2.1.4   The submission of this Agreement should be treated by the Commission as a request by the Parties that the Commission vacate the June 29 Order and the August 31 Order and the Parties agree to urge the Commission to take that action.

2.2       The Parties agree that the withdrawal of applications, complaints and other pleadings in accordance with Section 2.1 is without prejudice to the right of any Party to submit in the future any application, complaint or other pleading and to take any position or present any claim or argument therein in connection with any new transaction for the sale or other disposition of the Plant.

Article III

REFUND ELIGIBILITY AND

TRANSACTION COSTS

3.1       Pursuant to Section 3.2 and Section 4.2, Vermont Yankee shall provide certain refunds and credits to the Sponsors and to certain wholesale customers of the Sponsors. The Parties agree that the eligibility for and certain aspects of the mechanics of those refunds and credits will be determined in accordance with the provisions of this Section 3.1.

 

3.1.1   Any customer with obligations and entitlements to purchase a specified percentage share of the power and energy produced by the Plant and to pay a like percentage of Vermont Yankee's costs pursuant to a contract with one or more Sponsors (or with an intermediary acting on behalf of one or more Sponsors) entered into on or before January 1, 1983, and whose obligations and entitlements relating to the Plant expire, by the terms of the contract in effect as of the date of this Agreement, on or before January 1, 2003, shall be eligible for credits pursuant to Section 3.2 and Section 4.2, provided the customer makes a timely election pursuant to Section 3.1.2.

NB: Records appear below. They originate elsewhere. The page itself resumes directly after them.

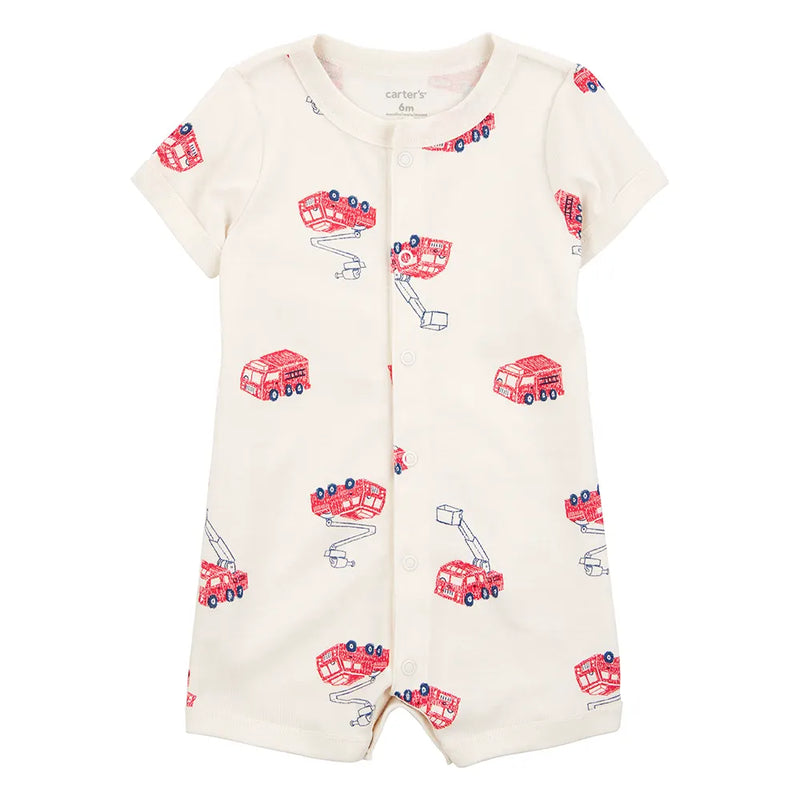 Mameluco de manga corta para bebé niño Carter's - Bombero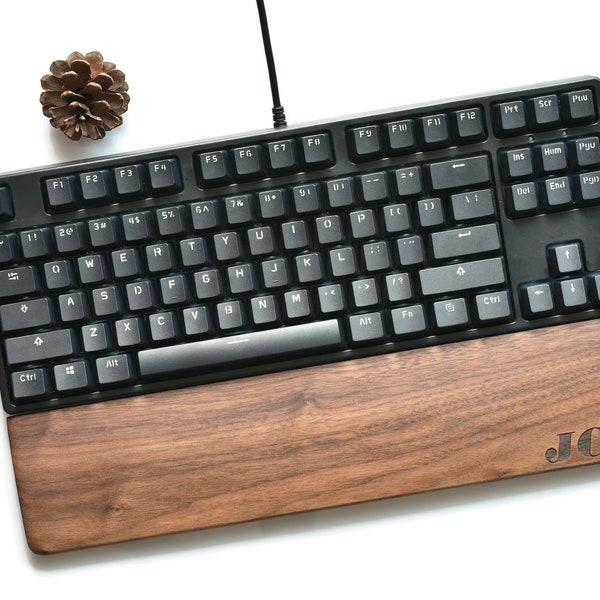 Black Walnut Wood Wrist Rest, Personalized Wrist Pad, Keyboard Rest, Christmas gifts, Coworker Gifts, Father Gift, Unique Gift for him/her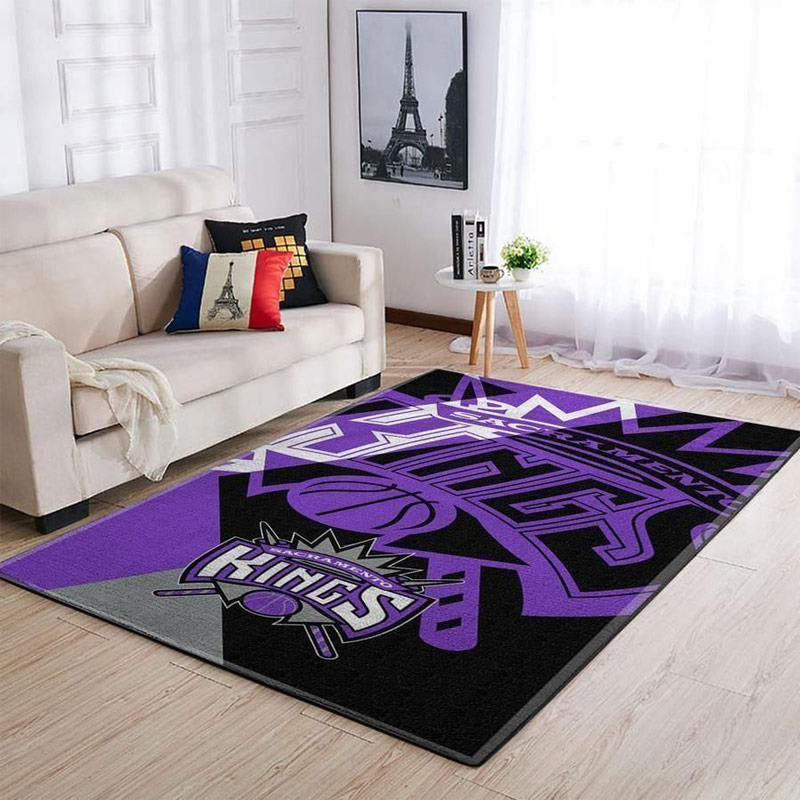 Sacramento Kings Rug NBA Area Rug Dining Room Rug Indoor Indoor Rugs Rectangle Carpet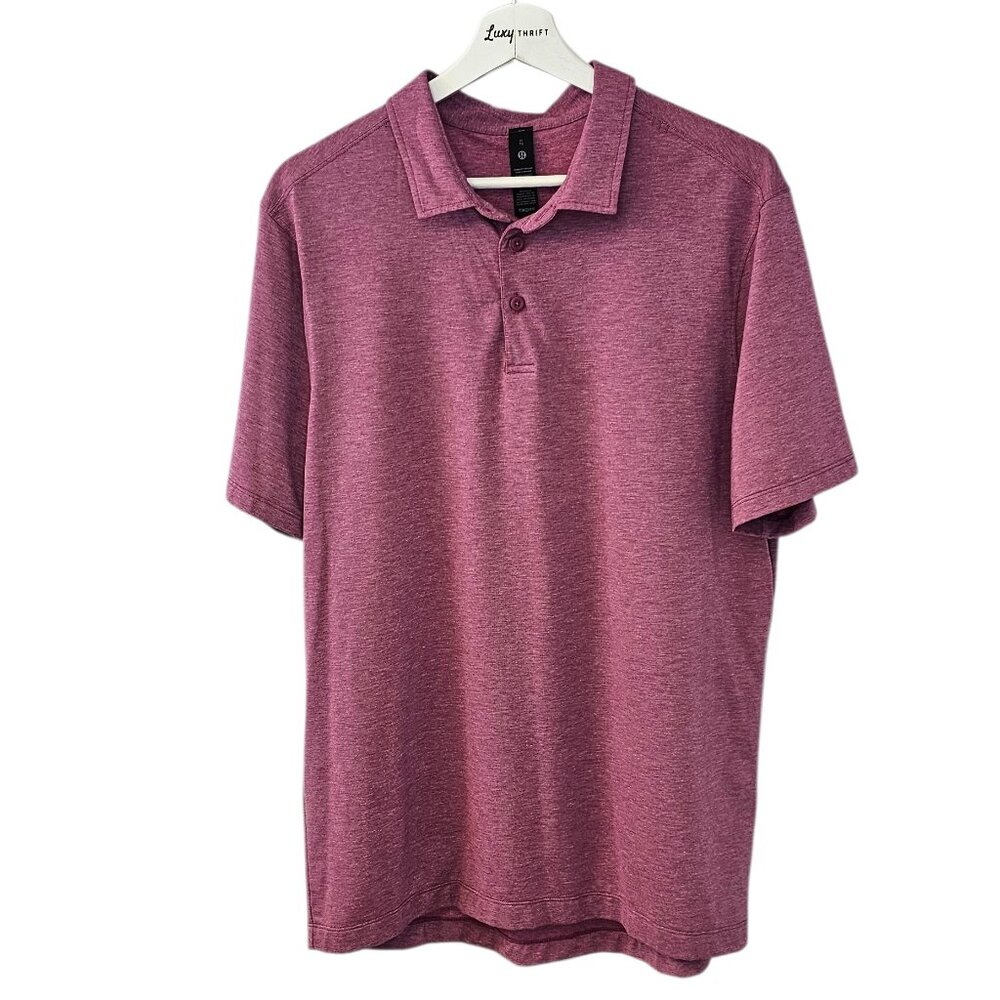 lululemon athletica Men's Heathered Magenta Polo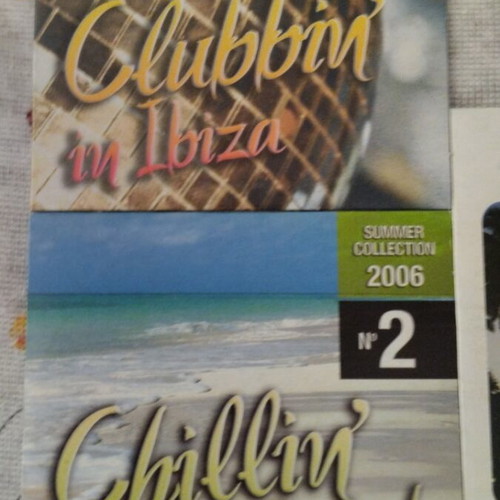 Music CDs Clubbin in Ibiza & Lounge Collection like new, pack of 3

3.1.2   Any customer eligible under Section 3.1.1 shall, within twenty (20) days of the submission of this Agreement to the Commission, notify Vermont Yankee in writing if it elects to receive the refunds and credits pursuant to Section 3.2 or Section 4.2, or both. Such notifications may be made on behalf of eligible customers by their legal or other representatives. Each customer making such a timely election is referred to herein as an "Electing Short-Term Purchaser" or "ESP."

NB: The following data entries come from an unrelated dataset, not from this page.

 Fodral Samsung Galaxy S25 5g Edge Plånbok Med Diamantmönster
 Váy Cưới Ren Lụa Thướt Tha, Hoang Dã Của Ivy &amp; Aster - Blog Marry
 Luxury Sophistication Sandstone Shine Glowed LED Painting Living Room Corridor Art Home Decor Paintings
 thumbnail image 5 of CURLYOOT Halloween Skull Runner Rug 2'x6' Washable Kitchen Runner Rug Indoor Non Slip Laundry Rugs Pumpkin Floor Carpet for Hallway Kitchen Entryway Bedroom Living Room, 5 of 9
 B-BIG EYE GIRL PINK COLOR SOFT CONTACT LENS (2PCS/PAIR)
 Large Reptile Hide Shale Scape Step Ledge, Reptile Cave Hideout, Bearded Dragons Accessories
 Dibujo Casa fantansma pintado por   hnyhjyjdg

3.1.3   The Sponsors and Vermont Yankee, as billing agent for certain Sponsors under their contracts with the ESPs, shall provide the credits provided for in Section 3.2 or Section 4.2 or both, in accordance with the election of each ESP, directly to the ESPs in accordance with those provisions. If an ESP is billed by another entity (other than Vermont Yankee) on behalf of one or more Sponsors, such Sponsors shall cause the billing entity to provide such ESP its appropriate share of the credit provided to the Sponsor by Vermont Yankee in Section 3.2 and/or Section 4.2, as applicable, in accordance with those provisions and the billing terms of the contract between the billing entity and the ESP. If an ESP is billed directly by an individual Sponsor, such Sponsor shall provide such ESP its appropriate share of the credit provided to the Sponsor by Vermont Yankee in Section 3.2 and/or Section 4.2, as applicable, in accordance with those provisions and the billing terms of the contract betw een the Sponsor and the ESP.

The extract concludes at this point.